Bahrain is supported by Britain and the US, along with Saudi Arabia, which helped the brutal dictatorship crush democracy protests.

Ian Black

Bahrain is supported by Britain and the US, along with Saudi Arabia, which helped the brutal dictatorship crush democracy protests.

Britain’s controversial relations with Bahrain will come under scrutiny this week as the king of the Gulf island state faces protests by democracy activists who are fighting back in a public relations campaign to highlight little-reported unrest, repression and human rights violations.

King Hamad bin Issa Al Khalifa is taking part in the Royal Windsor Horse Show at the weekend while Prince Andrew is scheduled to open an exhibition organised by the officially-sponsored Bahrain Expatriate Association – events opposition groups want to exploit.

Al-Wefaq, the country’s main opposition bloc, reported that 170 protesters, including 29 children, were arrested by government security forces in April. At least 58 protesters were injured, mostly by birdshot.

Bahrain stands out against the background of the Arab spring as a country where the status quo has been supported by Britain and the US, along with Saudi Arabia, which in March 2011 led a Gulf force to intervene to help the Manama authorities crush protests.

In 2012 King Hamad pledged to implement the recommendations of an independent commission to examine the roots of the country’s crisis, but reform has been slow and reconciliation talks have been deadlocked for months.

Clashes between police and anti-government protesters are routine, while there have been several bombings in recent weeks. Last month’s Formula One race, cancelled in 2011, also saw demonstrations. Al-Wefaq’s leader, Sheikh Ali Salman, urged supporters to protest peacefully “so the world could hear the voice of the opposition and its demands and the oppression we suffer from in our country”.

The Sunni Khalifa dynasty rules over a Shia majority, giving Bahrain’s conflict a sectarian hue in which the influence of regional rivals Iran and Saudi Arabia can be felt. Manama regularly accuses Tehran of fomenting trouble, but no evidence has come to light of direct Iranian involvement.

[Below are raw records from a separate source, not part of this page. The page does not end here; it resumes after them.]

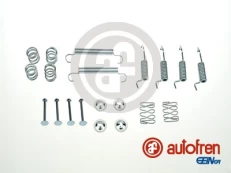 AUTOFREN D3-1015A Brake shoe fitting kit kaina
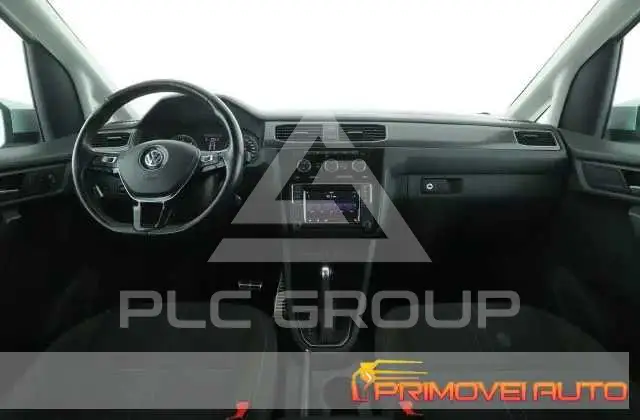 2020 Volkswagen Caddy
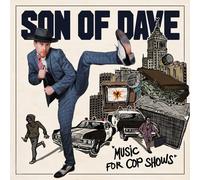 Son of Dave Music for Cop Shows (Vinyl LP) 12" Album
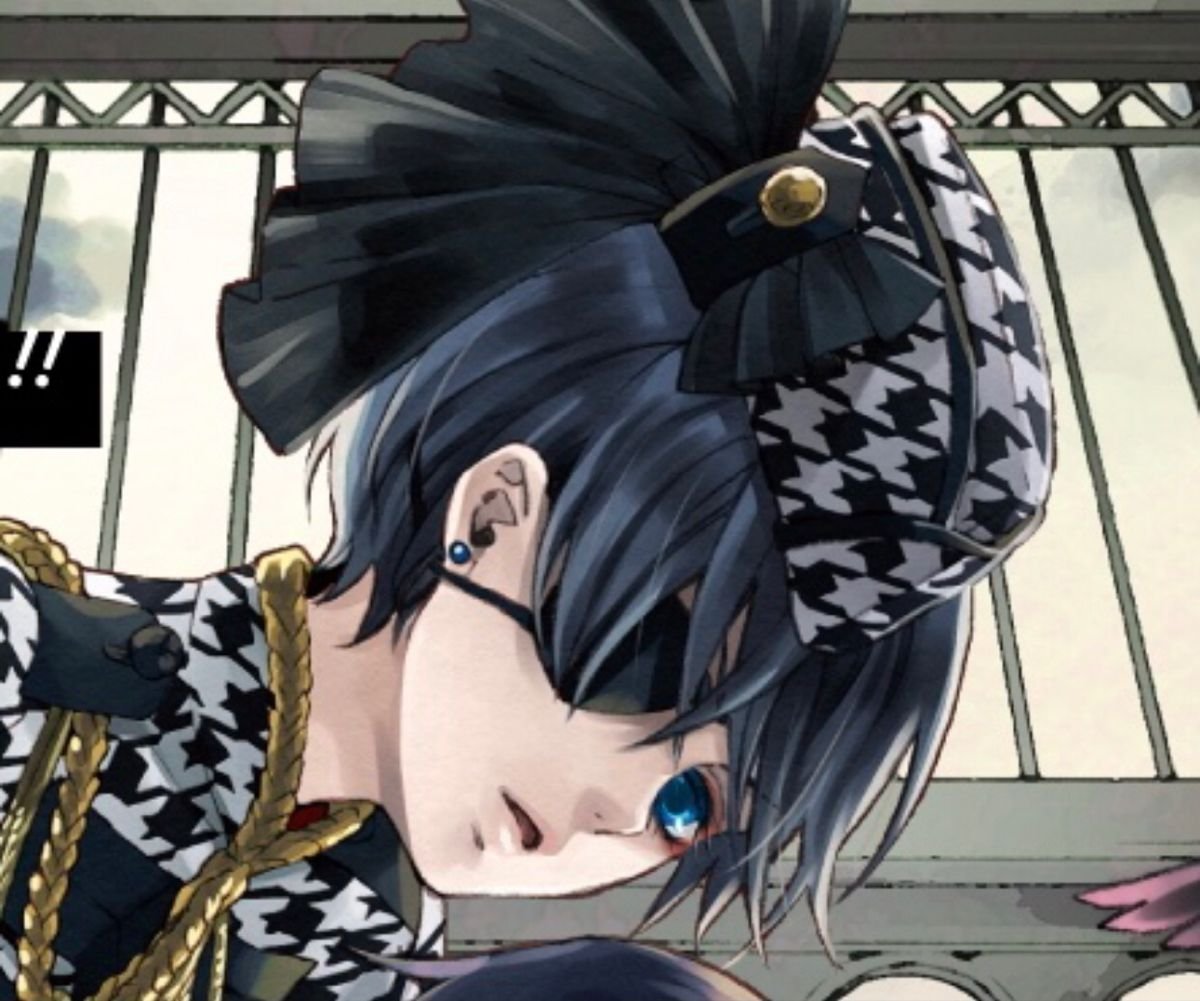 CIEL PHANTOMHIVE tweet media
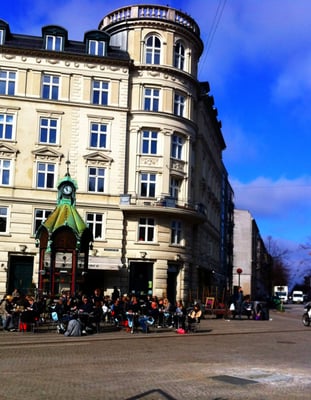 Sankt Hans Torv by null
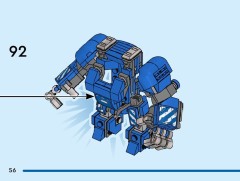 LEGO 76315 instructions page 56 – build guide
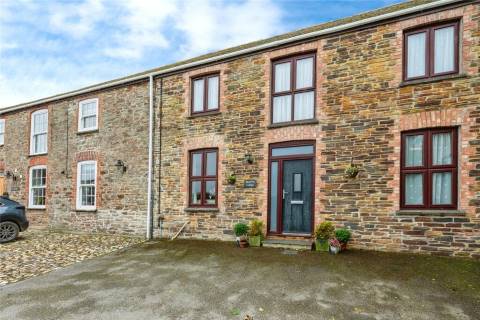 Property for auction in Cornwall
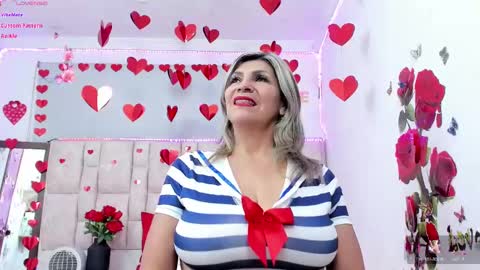 Celeste Lincon online show from 02/21/25, 01:00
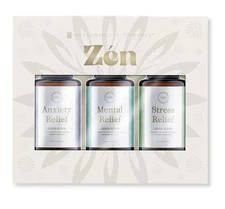 Measurable Difference Essential Oil Trio (0.5oz x3) - Zen, New In Box!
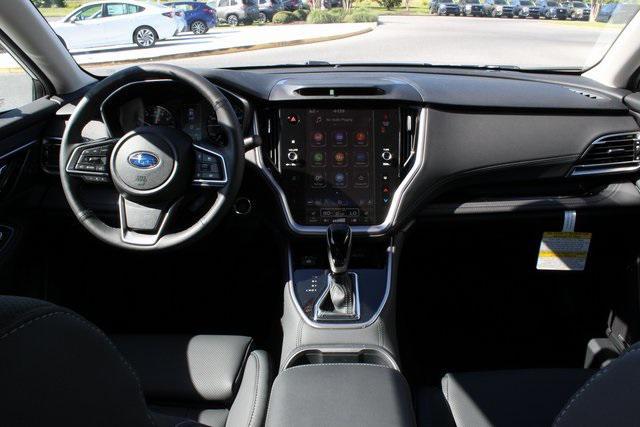 new 2025 Subaru Legacy car, priced at $34,782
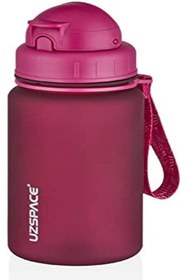 Resim Mena Rise modadash Pipetli Tritan Su Matarası, 400 ml, Kırmızı goldwhiz 1113377 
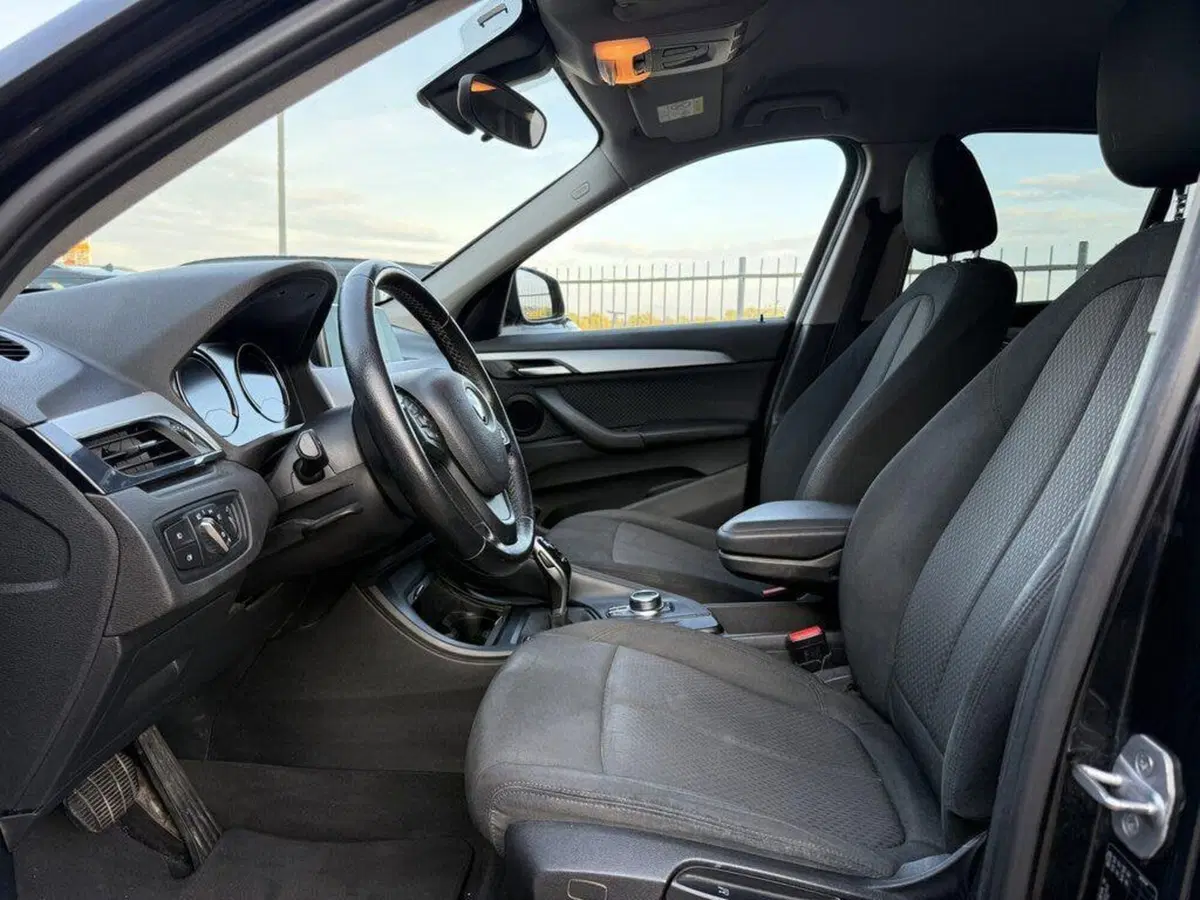 BMW X1 usata a Alessandria (6)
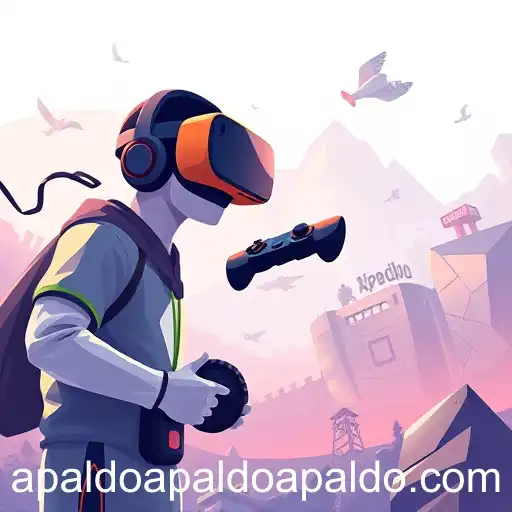 The Digital Evolution of Apaldo in Gaming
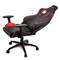 Silla Gaming Sharkoon Elbrus 2 en Negro y Rojo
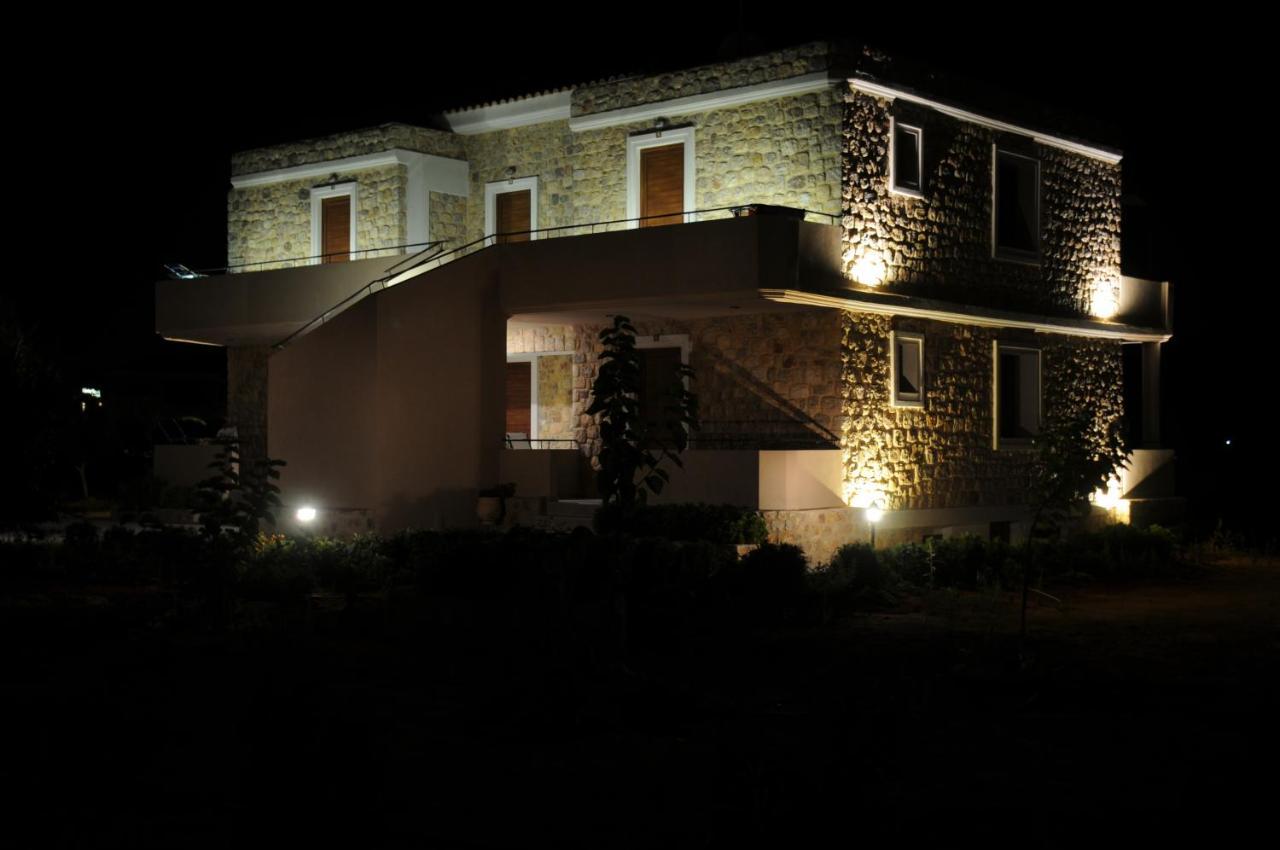Hotel Castro Elafonisos Exterior foto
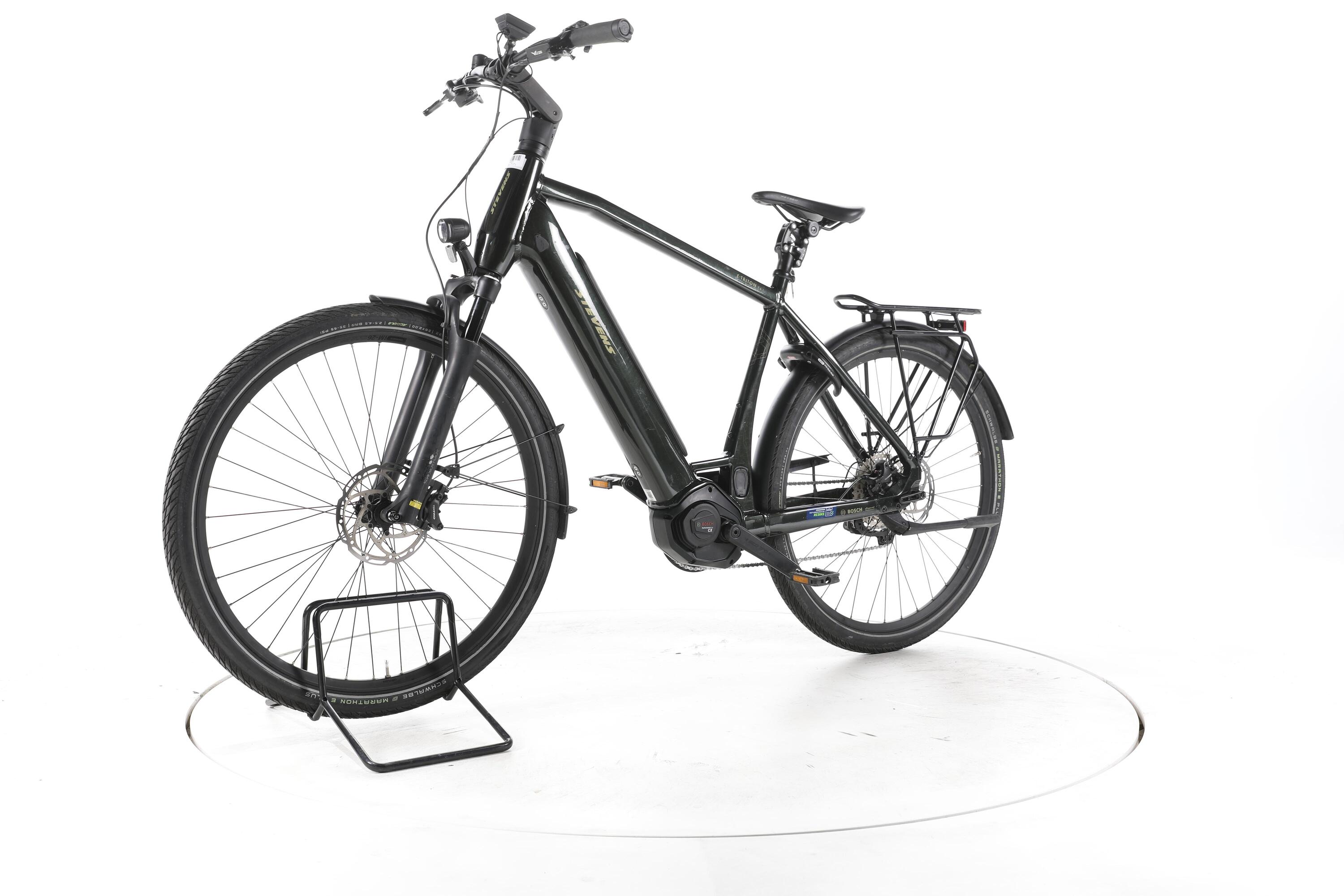 Ebike ricondizionata · Stevens E-TRITON 7.6.1 · Ottime condizioni 5/7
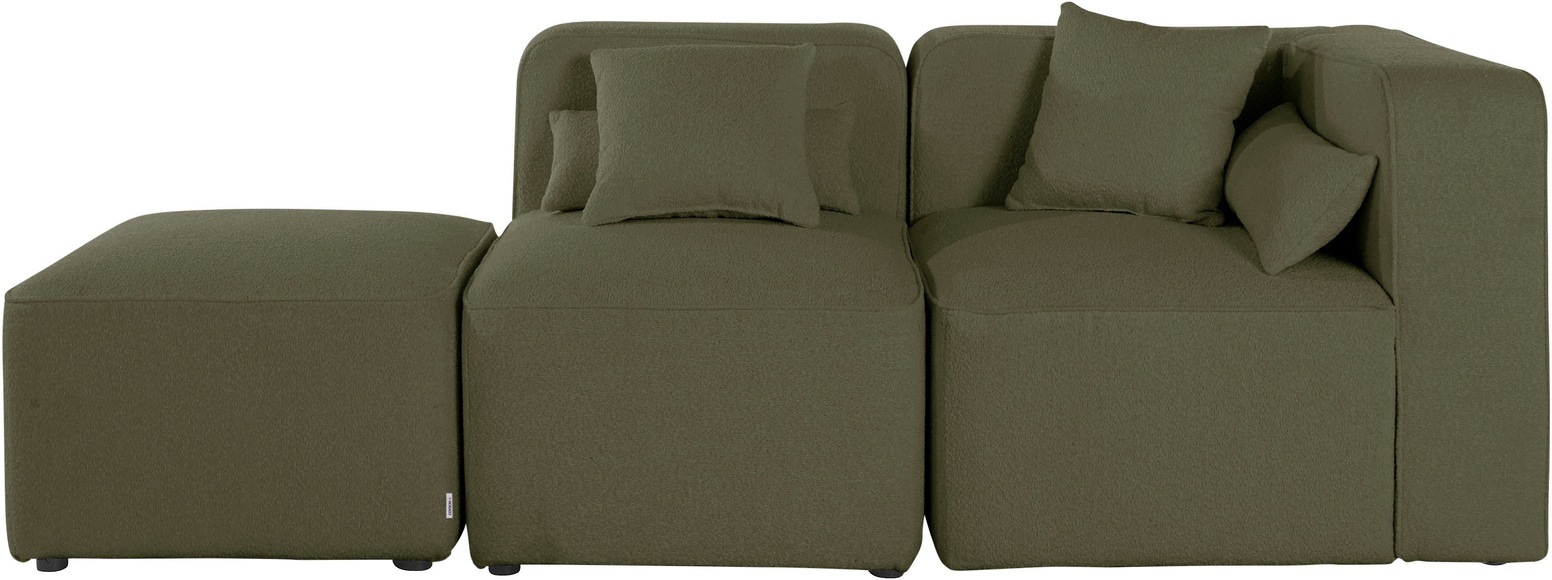 COUCH? 3-Sitzer »Polster Party«, Modulserie, individuelle Zusammenstellung, 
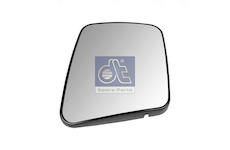 Sklo nájazdového zrkadla DT Spare Parts 3.86150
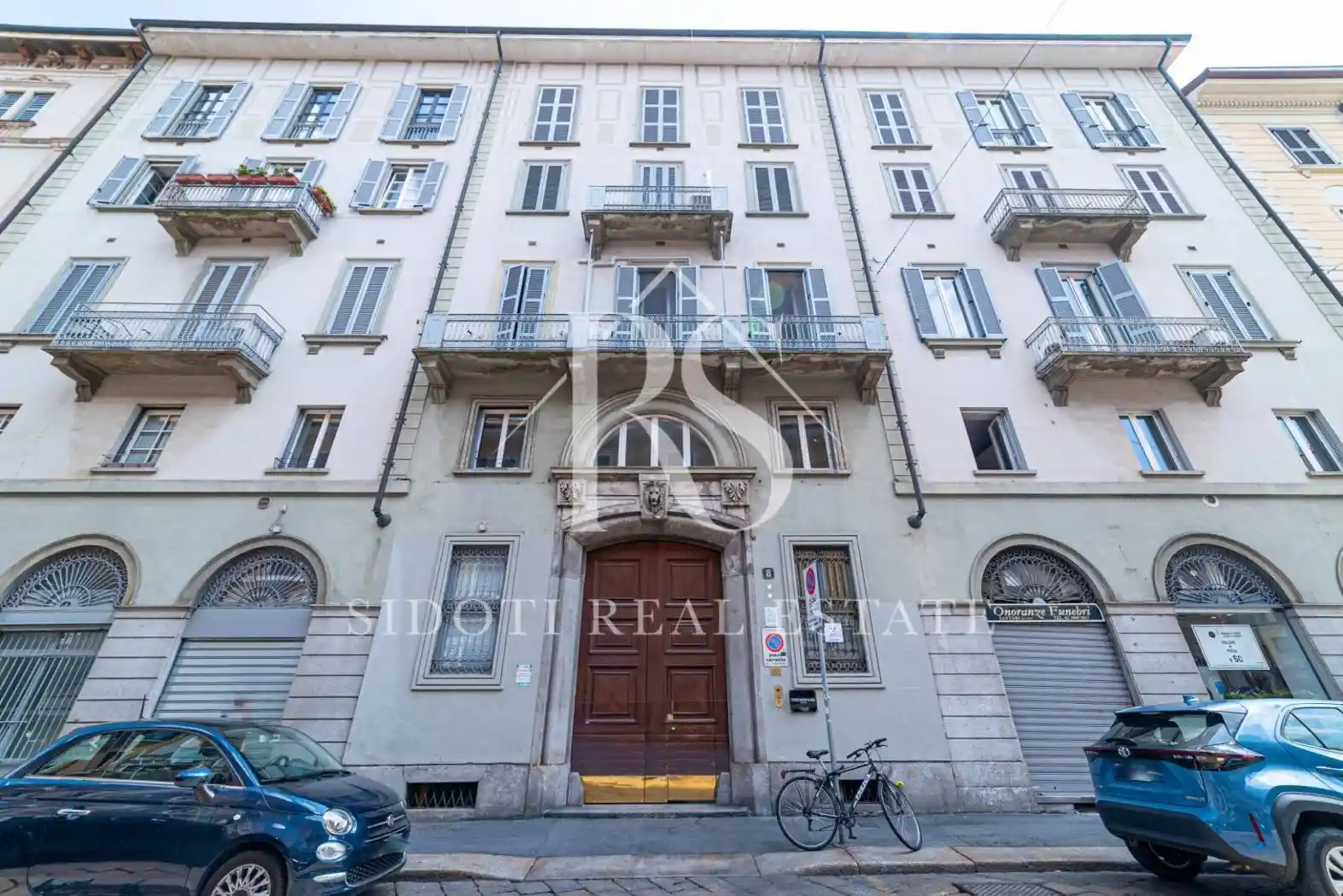 Appartamento in affitto a Milano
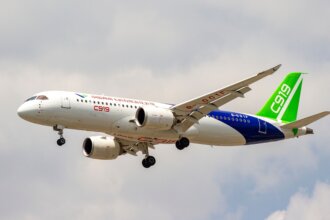 COMAC Expands C919 Production Facilities To Address Anticipated ...
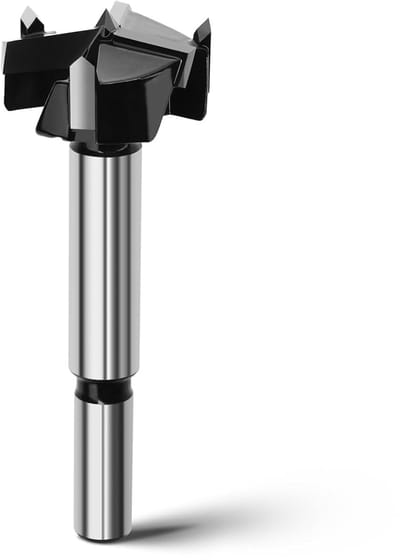 Forstnerboor Hout - Houtboor Cilindrisch - Precisie Gaten Maken - 28mm Snijdiameter - 92mm Lengte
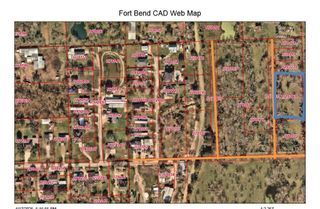 0 Nail Street, Fresno, TX 77545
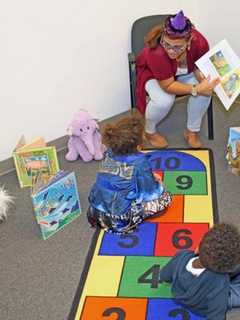 Scarsdale Agency, Bank Team Up To Buy 'Brain-Building Kits' For Kids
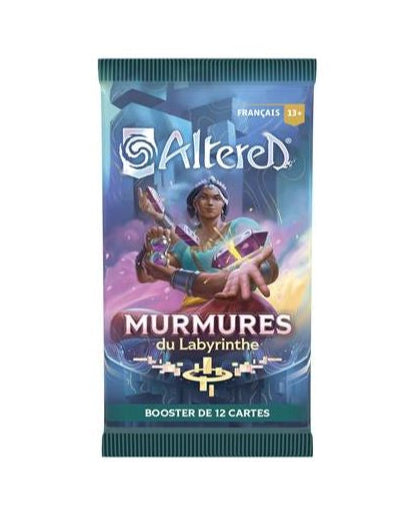 ALTERED - BOOSTERS - MURMURES DU LABYRINTHE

Protests planned around King Hamad’s visit and Friday’s expatriate conference in London are designed to hit back over recent PR gains by the Bahraini authorities. A carefully-managed Manama conference on the “dialogue of civilisations” included Christian and Jewish delegations but excluded mainstream Shia or opposition clerics. The Bahraini government pays millions of pounds to blue-chip PR firms to manage and burnish its image.

“This is a propaganda war in which the government wants to show how tolerant Bahrain is and get positive news coverage,” Mansoor al-Jamri, editor of the independent al-Wasat newspaper, told the Guardian. “When that is achieved they will consider that the tables have been turned against bad publicity about Bahrain from human rights organisations. At the moment things are stagnant politically. Nothing is being offered from the government side. At the same time the official line is that dialogue is continuing.

“The reality is that every week scores of people are imprisoned, there are nightly clashes in Shia areas and life goes on as usual. It’s a war of attrition to see who is exhausted first and who will win the battle for Bahrain’s reputation in London and Washington and Geneva.”

Last November the all-party Commons foreign affairs committee criticised the British ambassador to Manama for echoing the views of the Bahraini government. It also urged the Foreign Office to classify Bahrain as a “country of concern” if its human rights record did not improve. Britain sold Bahrain military equipment worth £18m in 2013, according to the Campaign against the Arms Trade (CAAT). The UK also hopes to sell Bahrain Typhoon jet fighters worth £1bn.

The CAAT urged Prince Andrew to withdraw from the expatriates event. “Royalists and republicans don’t always see eye to eye, but surely one point that everyone can agree on is that it is totally inappropriate for any member of the royal family to use their position to lend UK support to brutal dictatorships like the one in Bahrain,” a spokesman said.

Last month Britain began work on a $16m (£9.5m) expansion of its naval base in Bahrain, which is also home to the US fifth fleet.

“There is growing frustration about the UK government’s increasingly visible support for Bahrain; [It] has a long, dark history of enabling state violence in Bahrain and protecting both British and Bahraini officials responsible,” said John Horne of Bahrain Watch.

In a related development that has been hailed by opposition supporters, the high court in London ruled that Prince Nasser bin Hamad Al Khalifa could be named in an action seeking trying to overturn the prince’s immunity from prosecution. Prince Nasser is accused of involvement in torturing prisoners. The case was launched in 2012, but a judge had barred identification of both defendant and the claimant. The high court ruled last Friday that Prince Nasser could be named. The still anonymous claimant, an opposition activist, has been given permission to challenge a ruling by British prosecutors that the prince has state immunity from prosecution. The case is due to be heard later this year.